*** Source data ***

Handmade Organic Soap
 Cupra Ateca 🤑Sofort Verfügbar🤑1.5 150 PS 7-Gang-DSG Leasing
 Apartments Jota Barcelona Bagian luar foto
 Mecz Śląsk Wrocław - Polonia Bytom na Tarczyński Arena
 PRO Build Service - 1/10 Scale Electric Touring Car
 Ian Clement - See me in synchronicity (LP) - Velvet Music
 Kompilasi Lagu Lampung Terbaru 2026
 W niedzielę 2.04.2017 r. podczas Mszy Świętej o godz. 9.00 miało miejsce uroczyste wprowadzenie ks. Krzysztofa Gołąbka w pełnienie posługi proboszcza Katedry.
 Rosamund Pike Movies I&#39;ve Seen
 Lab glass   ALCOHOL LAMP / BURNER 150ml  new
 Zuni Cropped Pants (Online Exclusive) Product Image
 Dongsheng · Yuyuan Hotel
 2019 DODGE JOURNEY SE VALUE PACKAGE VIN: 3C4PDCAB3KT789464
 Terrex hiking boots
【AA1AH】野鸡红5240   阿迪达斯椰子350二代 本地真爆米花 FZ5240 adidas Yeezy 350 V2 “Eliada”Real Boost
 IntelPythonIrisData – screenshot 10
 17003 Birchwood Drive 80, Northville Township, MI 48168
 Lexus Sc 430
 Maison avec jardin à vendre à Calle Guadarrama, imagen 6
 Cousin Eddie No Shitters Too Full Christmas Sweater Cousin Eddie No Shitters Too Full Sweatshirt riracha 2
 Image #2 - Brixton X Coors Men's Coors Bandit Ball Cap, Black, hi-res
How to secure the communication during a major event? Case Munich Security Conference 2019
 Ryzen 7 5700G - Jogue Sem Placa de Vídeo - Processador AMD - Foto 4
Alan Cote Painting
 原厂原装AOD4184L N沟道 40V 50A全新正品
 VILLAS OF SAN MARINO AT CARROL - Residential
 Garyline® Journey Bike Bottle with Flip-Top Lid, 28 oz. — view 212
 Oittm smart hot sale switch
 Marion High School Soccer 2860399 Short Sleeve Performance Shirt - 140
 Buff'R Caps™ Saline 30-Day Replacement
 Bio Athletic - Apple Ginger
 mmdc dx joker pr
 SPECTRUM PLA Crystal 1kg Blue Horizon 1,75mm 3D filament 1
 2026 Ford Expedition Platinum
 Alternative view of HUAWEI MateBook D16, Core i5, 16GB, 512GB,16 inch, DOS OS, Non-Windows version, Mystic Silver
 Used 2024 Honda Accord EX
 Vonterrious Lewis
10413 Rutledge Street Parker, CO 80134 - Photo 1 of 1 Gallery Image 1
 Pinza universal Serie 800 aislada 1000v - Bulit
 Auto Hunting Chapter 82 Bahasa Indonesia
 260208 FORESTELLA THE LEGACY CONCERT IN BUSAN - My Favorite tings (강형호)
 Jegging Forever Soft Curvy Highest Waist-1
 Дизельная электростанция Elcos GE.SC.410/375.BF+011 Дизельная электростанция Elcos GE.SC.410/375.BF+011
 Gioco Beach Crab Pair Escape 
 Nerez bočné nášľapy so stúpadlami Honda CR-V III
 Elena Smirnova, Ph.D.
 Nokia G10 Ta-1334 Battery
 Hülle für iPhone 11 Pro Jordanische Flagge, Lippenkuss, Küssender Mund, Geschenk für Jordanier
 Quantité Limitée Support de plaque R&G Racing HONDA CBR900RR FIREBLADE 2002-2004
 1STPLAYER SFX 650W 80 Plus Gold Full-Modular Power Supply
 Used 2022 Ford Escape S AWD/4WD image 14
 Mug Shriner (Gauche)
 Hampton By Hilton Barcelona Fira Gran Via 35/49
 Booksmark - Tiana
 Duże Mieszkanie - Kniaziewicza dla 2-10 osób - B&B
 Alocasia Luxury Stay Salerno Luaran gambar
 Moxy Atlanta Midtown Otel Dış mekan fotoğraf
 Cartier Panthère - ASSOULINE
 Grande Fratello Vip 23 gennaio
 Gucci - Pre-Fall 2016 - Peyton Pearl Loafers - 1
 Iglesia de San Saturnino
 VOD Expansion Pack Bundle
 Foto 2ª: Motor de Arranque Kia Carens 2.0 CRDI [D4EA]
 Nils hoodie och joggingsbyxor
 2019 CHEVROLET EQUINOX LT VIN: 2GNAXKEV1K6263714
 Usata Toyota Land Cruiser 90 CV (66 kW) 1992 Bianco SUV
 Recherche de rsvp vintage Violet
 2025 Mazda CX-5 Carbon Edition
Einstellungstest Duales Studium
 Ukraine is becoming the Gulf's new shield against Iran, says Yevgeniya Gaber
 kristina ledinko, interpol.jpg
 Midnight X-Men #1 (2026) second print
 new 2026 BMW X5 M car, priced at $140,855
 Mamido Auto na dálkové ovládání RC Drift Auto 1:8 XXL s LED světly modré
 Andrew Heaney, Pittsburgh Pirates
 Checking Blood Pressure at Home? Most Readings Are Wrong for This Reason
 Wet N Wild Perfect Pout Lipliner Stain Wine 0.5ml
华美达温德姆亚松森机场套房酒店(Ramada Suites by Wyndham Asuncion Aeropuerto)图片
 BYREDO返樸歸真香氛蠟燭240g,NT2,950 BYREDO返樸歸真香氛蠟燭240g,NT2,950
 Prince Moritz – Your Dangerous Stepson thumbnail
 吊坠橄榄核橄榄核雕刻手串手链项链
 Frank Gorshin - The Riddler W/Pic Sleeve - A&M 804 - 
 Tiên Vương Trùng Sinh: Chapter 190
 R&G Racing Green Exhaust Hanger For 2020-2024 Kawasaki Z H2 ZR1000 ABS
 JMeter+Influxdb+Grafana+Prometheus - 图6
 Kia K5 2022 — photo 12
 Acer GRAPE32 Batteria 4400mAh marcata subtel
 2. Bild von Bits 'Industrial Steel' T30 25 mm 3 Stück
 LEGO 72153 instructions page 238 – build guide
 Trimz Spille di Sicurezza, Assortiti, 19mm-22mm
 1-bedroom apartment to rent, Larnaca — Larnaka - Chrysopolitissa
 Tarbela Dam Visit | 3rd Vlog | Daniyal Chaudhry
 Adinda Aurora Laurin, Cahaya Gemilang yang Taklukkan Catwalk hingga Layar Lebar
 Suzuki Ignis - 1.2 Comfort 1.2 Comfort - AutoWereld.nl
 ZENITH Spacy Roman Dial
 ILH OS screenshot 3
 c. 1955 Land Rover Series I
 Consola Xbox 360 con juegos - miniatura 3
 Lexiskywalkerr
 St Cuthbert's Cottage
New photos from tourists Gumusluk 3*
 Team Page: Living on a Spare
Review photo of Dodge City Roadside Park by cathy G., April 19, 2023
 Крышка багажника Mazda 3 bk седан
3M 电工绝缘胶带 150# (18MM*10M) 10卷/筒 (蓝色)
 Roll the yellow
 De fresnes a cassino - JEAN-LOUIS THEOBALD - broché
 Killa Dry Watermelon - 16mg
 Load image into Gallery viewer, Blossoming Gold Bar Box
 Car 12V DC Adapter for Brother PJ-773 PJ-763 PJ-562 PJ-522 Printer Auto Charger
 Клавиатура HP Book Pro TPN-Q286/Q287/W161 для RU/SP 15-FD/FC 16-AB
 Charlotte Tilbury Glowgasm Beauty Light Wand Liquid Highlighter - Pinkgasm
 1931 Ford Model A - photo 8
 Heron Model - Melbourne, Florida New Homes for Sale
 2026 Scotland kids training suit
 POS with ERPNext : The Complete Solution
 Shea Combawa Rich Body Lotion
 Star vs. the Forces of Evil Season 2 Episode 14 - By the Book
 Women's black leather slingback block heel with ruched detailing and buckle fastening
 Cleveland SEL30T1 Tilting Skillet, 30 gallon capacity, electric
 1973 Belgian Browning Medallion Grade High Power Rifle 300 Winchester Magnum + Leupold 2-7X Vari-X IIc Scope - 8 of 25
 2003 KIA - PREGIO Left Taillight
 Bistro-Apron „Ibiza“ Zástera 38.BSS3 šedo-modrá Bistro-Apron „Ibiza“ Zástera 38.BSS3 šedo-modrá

***

• What to produce: Using the data above, repeat exactly the lines that begin at the line with "Image #2 - Brixton" and end at the line with "Garyline® Journey Bike", both ends included.

• Solution to this problem:
 Image #2 - Brixton X Coors Men's Coors Bandit Ball Cap, Black, hi-res
How to secure the communication during a major event? Case Munich Security Conference 2019
 Ryzen 7 5700G - Jogue Sem Placa de Vídeo - Processador AMD - Foto 4
Alan Cote Painting
 原厂原装AOD4184L N沟道 40V 50A全新正品
 VILLAS OF SAN MARINO AT CARROL - Residential
 Garyline® Journey Bike Bottle with Flip-Top Lid, 28 oz. — view 212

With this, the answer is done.